### ACTIVITY
Copy each entry below exactly.

### PROVIDED ENTRIES

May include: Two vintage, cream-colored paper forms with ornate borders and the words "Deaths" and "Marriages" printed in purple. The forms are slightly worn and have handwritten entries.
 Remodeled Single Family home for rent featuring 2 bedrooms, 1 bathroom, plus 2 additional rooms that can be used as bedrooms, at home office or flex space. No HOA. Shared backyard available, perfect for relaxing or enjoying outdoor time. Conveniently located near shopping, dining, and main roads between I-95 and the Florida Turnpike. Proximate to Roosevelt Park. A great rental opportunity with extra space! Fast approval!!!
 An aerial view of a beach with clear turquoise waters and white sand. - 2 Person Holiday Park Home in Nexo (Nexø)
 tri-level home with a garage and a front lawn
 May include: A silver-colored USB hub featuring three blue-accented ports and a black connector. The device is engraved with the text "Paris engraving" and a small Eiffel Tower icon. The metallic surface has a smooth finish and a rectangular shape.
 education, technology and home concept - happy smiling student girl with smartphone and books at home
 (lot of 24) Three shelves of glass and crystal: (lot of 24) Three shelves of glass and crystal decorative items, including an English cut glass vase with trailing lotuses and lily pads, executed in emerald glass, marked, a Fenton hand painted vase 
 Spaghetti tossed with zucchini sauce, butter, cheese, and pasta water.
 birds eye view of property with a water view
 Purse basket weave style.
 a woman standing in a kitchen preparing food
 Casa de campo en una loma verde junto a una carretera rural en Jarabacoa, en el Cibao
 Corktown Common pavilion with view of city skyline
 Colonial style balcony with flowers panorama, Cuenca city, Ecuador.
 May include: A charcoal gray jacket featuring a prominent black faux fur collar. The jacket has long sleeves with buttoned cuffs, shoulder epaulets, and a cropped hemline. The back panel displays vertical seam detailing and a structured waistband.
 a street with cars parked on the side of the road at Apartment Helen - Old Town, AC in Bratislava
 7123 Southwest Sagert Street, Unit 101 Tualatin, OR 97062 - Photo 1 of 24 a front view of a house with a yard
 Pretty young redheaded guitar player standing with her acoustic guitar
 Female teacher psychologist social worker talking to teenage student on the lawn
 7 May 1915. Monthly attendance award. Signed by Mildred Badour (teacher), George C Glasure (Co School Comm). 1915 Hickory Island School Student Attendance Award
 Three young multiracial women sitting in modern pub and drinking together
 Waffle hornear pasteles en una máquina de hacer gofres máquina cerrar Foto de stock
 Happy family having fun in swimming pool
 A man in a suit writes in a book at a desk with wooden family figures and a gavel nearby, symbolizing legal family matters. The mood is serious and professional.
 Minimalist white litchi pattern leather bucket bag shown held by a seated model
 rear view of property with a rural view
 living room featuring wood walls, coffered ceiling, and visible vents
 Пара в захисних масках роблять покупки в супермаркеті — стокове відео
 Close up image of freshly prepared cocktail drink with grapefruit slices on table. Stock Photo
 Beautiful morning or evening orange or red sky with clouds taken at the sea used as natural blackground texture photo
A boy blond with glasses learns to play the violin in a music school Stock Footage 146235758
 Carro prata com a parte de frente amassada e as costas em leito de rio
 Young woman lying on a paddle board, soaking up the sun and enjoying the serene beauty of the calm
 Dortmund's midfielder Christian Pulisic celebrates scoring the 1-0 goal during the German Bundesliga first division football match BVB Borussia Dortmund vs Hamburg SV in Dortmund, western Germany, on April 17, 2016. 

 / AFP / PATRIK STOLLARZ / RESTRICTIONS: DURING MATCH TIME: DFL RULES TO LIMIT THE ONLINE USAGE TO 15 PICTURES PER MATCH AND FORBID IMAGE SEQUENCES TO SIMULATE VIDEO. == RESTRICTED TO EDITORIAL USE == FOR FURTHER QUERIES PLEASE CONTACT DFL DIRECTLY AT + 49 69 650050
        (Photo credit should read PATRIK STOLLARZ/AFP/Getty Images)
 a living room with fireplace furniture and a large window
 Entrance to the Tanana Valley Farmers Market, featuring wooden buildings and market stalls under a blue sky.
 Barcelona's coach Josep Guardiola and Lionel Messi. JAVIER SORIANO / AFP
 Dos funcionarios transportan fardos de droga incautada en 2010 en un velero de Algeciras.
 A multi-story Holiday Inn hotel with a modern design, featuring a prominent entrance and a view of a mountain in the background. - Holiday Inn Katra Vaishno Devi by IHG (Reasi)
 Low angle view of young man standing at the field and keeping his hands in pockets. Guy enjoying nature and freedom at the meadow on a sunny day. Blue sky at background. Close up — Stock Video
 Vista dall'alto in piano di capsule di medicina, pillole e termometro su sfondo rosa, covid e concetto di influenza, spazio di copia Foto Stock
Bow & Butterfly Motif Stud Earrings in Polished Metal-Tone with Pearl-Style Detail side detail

### FINAL ANSWER
May include: Two vintage, cream-colored paper forms with ornate borders and the words "Deaths" and "Marriages" printed in purple. The forms are slightly worn and have handwritten entries.
 Remodeled Single Family home for rent featuring 2 bedrooms, 1 bathroom, plus 2 additional rooms that can be used as bedrooms, at home office or flex space. No HOA. Shared backyard available, perfect for relaxing or enjoying outdoor time. Conveniently located near shopping, dining, and main roads between I-95 and the Florida Turnpike. Proximate to Roosevelt Park. A great rental opportunity with extra space! Fast approval!!!
 An aerial view of a beach with clear turquoise waters and white sand. - 2 Person Holiday Park Home in Nexo (Nexø)
 tri-level home with a garage and a front lawn
 May include: A silver-colored USB hub featuring three blue-accented ports and a black connector. The device is engraved with the text "Paris engraving" and a small Eiffel Tower icon. The metallic surface has a smooth finish and a rectangular shape.
 education, technology and home concept - happy smiling student girl with smartphone and books at home
 (lot of 24) Three shelves of glass and crystal: (lot of 24) Three shelves of glass and crystal decorative items, including an English cut glass vase with trailing lotuses and lily pads, executed in emerald glass, marked, a Fenton hand painted vase 
 Spaghetti tossed with zucchini sauce, butter, cheese, and pasta water.
 birds eye view of property with a water view
 Purse basket weave style.
 a woman standing in a kitchen preparing food
 Casa de campo en una loma verde junto a una carretera rural en Jarabacoa, en el Cibao
 Corktown Common pavilion with view of city skyline
 Colonial style balcony with flowers panorama, Cuenca city, Ecuador.
 May include: A charcoal gray jacket featuring a prominent black faux fur collar. The jacket has long sleeves with buttoned cuffs, shoulder epaulets, and a cropped hemline. The back panel displays vertical seam detailing and a structured waistband.
 a street with cars parked on the side of the road at Apartment Helen - Old Town, AC in Bratislava
 7123 Southwest Sagert Street, Unit 101 Tualatin, OR 97062 - Photo 1 of 24 a front view of a house with a yard
 Pretty young redheaded guitar player standing with her acoustic guitar
 Female teacher psychologist social worker talking to teenage student on the lawn
 7 May 1915. Monthly attendance award. Signed by Mildred Badour (teacher), George C Glasure (Co School Comm). 1915 Hickory Island School Student Attendance Award
 Three young multiracial women sitting in modern pub and drinking together
 Waffle hornear pasteles en una máquina de hacer gofres máquina cerrar Foto de stock
 Happy family having fun in swimming pool
 A man in a suit writes in a book at a desk with wooden family figures and a gavel nearby, symbolizing legal family matters. The mood is serious and professional.
 Minimalist white litchi pattern leather bucket bag shown held by a seated model
 rear view of property with a rural view
 living room featuring wood walls, coffered ceiling, and visible vents
 Пара в захисних масках роблять покупки в супермаркеті — стокове відео
 Close up image of freshly prepared cocktail drink with grapefruit slices on table. Stock Photo
 Beautiful morning or evening orange or red sky with clouds taken at the sea used as natural blackground texture photo
A boy blond with glasses learns to play the violin in a music school Stock Footage 146235758
 Carro prata com a parte de frente amassada e as costas em leito de rio
 Young woman lying on a paddle board, soaking up the sun and enjoying the serene beauty of the calm
 Dortmund's midfielder Christian Pulisic celebrates scoring the 1-0 goal during the German Bundesliga first division football match BVB Borussia Dortmund vs Hamburg SV in Dortmund, western Germany, on April 17, 2016. 

 / AFP / PATRIK STOLLARZ / RESTRICTIONS: DURING MATCH TIME: DFL RULES TO LIMIT THE ONLINE USAGE TO 15 PICTURES PER MATCH AND FORBID IMAGE SEQUENCES TO SIMULATE VIDEO. == RESTRICTED TO EDITORIAL USE == FOR FURTHER QUERIES PLEASE CONTACT DFL DIRECTLY AT + 49 69 650050
        (Photo credit should read PATRIK STOLLARZ/AFP/Getty Images)
 a living room with fireplace furniture and a large window
 Entrance to the Tanana Valley Farmers Market, featuring wooden buildings and market stalls under a blue sky.
 Barcelona's coach Josep Guardiola and Lionel Messi. JAVIER SORIANO / AFP
 Dos funcionarios transportan fardos de droga incautada en 2010 en un velero de Algeciras.
 A multi-story Holiday Inn hotel with a modern design, featuring a prominent entrance and a view of a mountain in the background. - Holiday Inn Katra Vaishno Devi by IHG (Reasi)
 Low angle view of young man standing at the field and keeping his hands in pockets. Guy enjoying nature and freedom at the meadow on a sunny day. Blue sky at background. Close up — Stock Video
 Vista dall'alto in piano di capsule di medicina, pillole e termometro su sfondo rosa, covid e concetto di influenza, spazio di copia Foto Stock
Bow & Butterfly Motif Stud Earrings in Polished Metal-Tone with Pearl-Style Detail side detail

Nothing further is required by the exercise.